*** The data

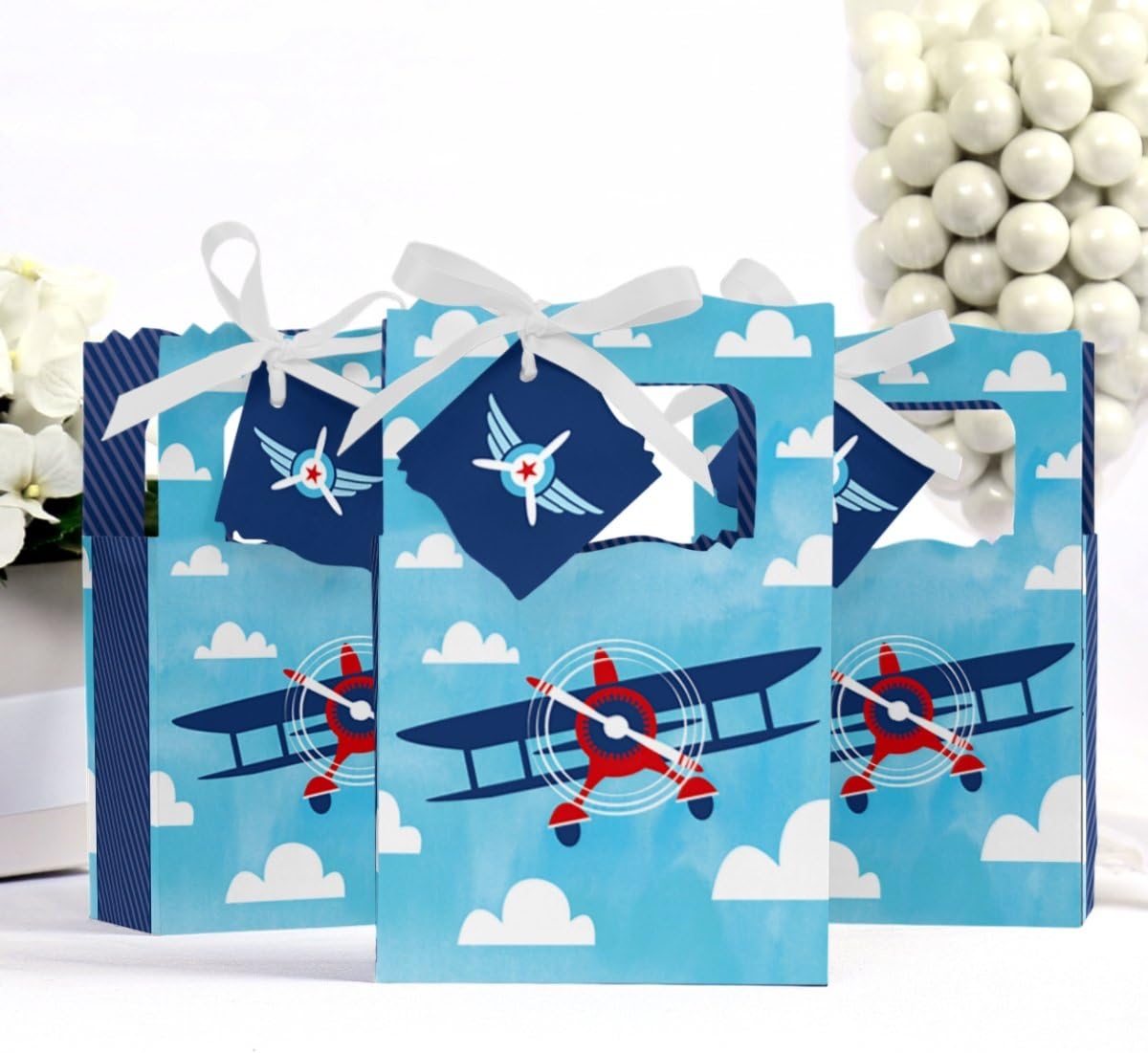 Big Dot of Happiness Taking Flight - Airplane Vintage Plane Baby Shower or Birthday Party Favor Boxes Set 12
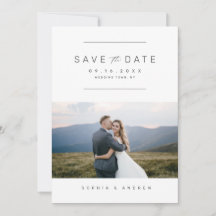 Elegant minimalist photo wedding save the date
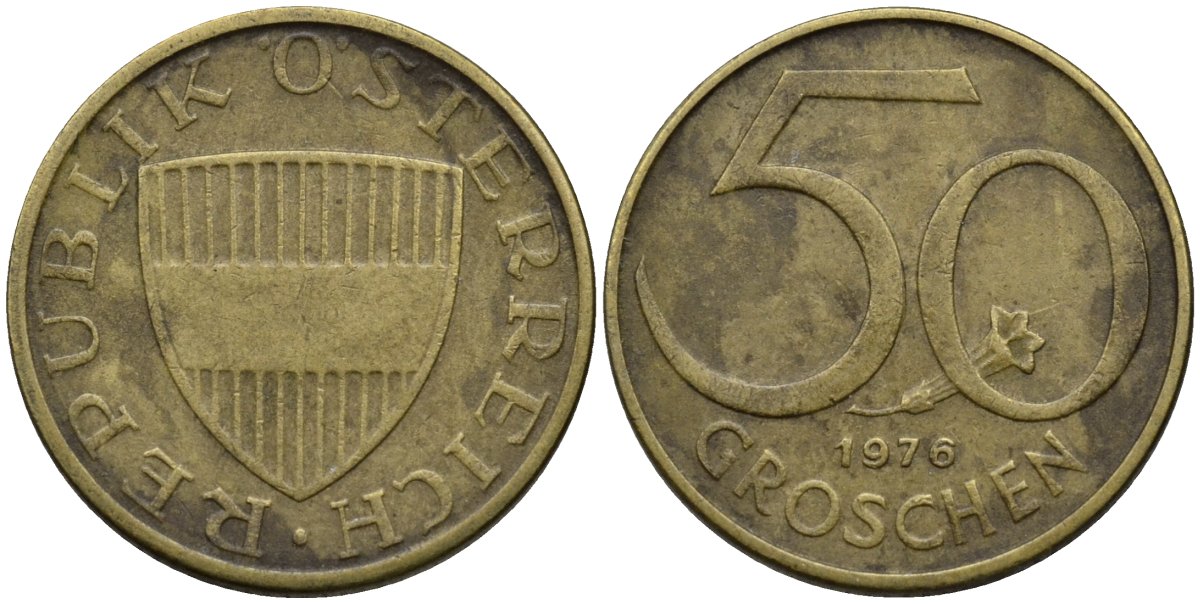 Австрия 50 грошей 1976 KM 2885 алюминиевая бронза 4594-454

******

### What you need to do
Hand back the data exactly as it appears, with all pictures cut.

### Written solution
 Big Dot of Happiness Taking Flight - Airplane Vintage Plane Baby Shower or Birthday Party Favor Boxes Set 12
 Elegant minimalist photo wedding save the date
 Австрия 50 грошей 1976 KM 2885 алюминиевая бронза 4594-454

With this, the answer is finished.